Recruited to protect the Byzantine emperor, the Varangians stood shoulder to shoulder against all foes! Add this fearsome unit to your Hail Caeser army!
After the partition of the Roman Empire in the 3rd century, the eastern and western halves began to develop separately. While the Western Empire was ravaged by successive waves of barbarian horsemen, the Eastern Empire prospered – Constantinople became a thriving metropolis, protected by walls that wouldn’t be breached until 1204. From their seat on the Mediterranean and Black Sea, the Byzantine Emperors forged a nation that would dominate both Eastern and European politics for much of the middle ages.
The Varangian Guard began as a mercenary unit in the army of Basil I following a treaty with the Kievan Rus. Founded by Viking settlers along the Don, Dnieper and Vistula rivers, the Kievan Rus often clashed with the Byzantines to the south – one stipulation of the treaty was that the Rus provide a unit for the emperor’s army. While the treaty didn’t last, the use of mercenaries by the Byzantines did.
Subsequent drafts of Kievan soldiers (sent because their former masters couldn’t afford to pay them), topped up the now-elite cadre of battle-hardened warriors, and by 971, the Varangian strength was close to 6,000 men.
” At first light they attacked, while a squadron of imperial flame-throwers sprayed the shore with Greek fire.
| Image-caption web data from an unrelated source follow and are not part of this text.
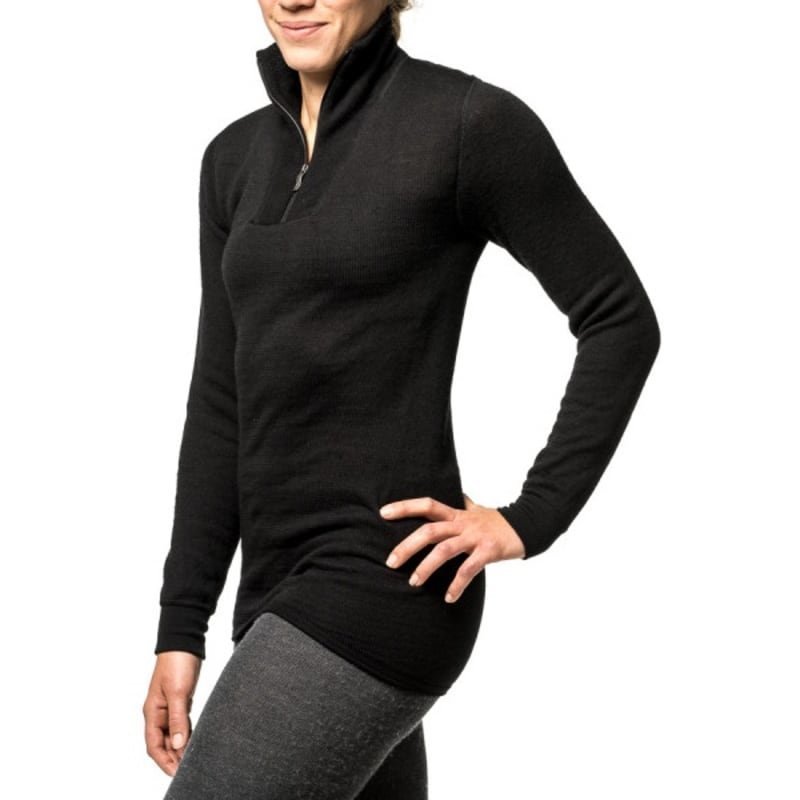 Woolpower Zip Turtleneck 400 XS Black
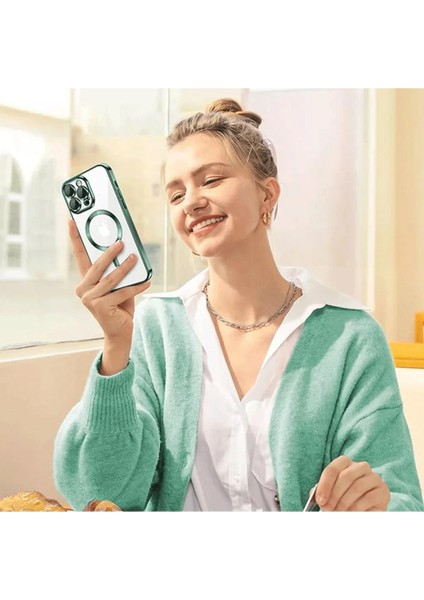 Apple iPhone 15 Pro Magneticedge Kılıf - Lacivert fırsatları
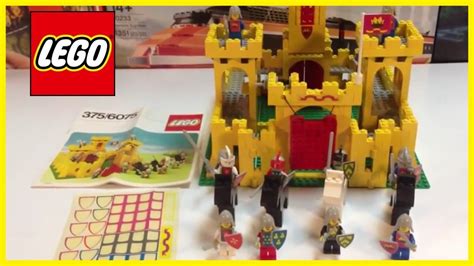 Vintage LEGO 375 6075 Classic Yellow Castle - first LEGO castle? No ...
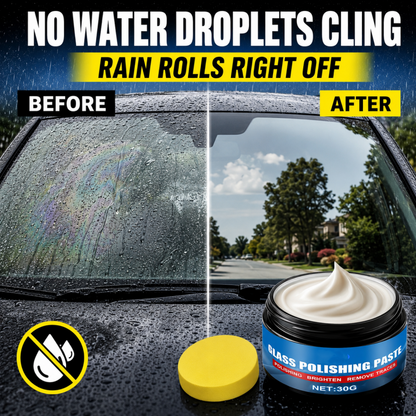 🔥Car Glass Oil Film Remover – Eliminates Glare & Wiper Smears, Repels Rain🚗
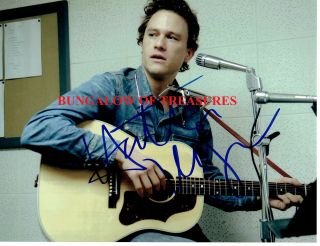 Heath Ledger Signed 10 X 8 Color Photo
Phocas’ men, roused from sleep, were powerless: their assailants swung their swords and battle-axes without mercy until they stood ankle-deep in blood. Few of the victims escaped with their lives.” – Historian J.J Norwich on the Varangian’s first battle under Byzantine leadership.
While the initial draft of Varangians came from the Rus, word spread of the vast riches earned in Byzantine service attracting both Viking and Anglo-Saxon adventurers to the Guard’s service. Notable guardsmen included the future king of Norway Harald Hadrada and the Icelander Bolli Bollason.
Following the defeat of King Harold at Hastings, many English soldiers fled Norman occupation and joined the Varangians, making the guard almost entirely English by the 11th century. English became the Varangian lingua-franca, to the point where they saluted their employer in it, rather than his local Greek.
Wargaming with the Varangians
If you’ve read last week’s article on Norman adventurers in Southern Italy, you’ll see plenty of opportunity for this elite cadre of mercenaries to squabble with their opposite numbers in Lombard service – a unit of hard-bitten Varangians is easy to assemble from our range of Vikings and Anglo-Saxons.
The Varangians are easily recognisable in contemporary sources because of their two-handed axes. They wore long mail coats and carried shields of various shapes and sizes.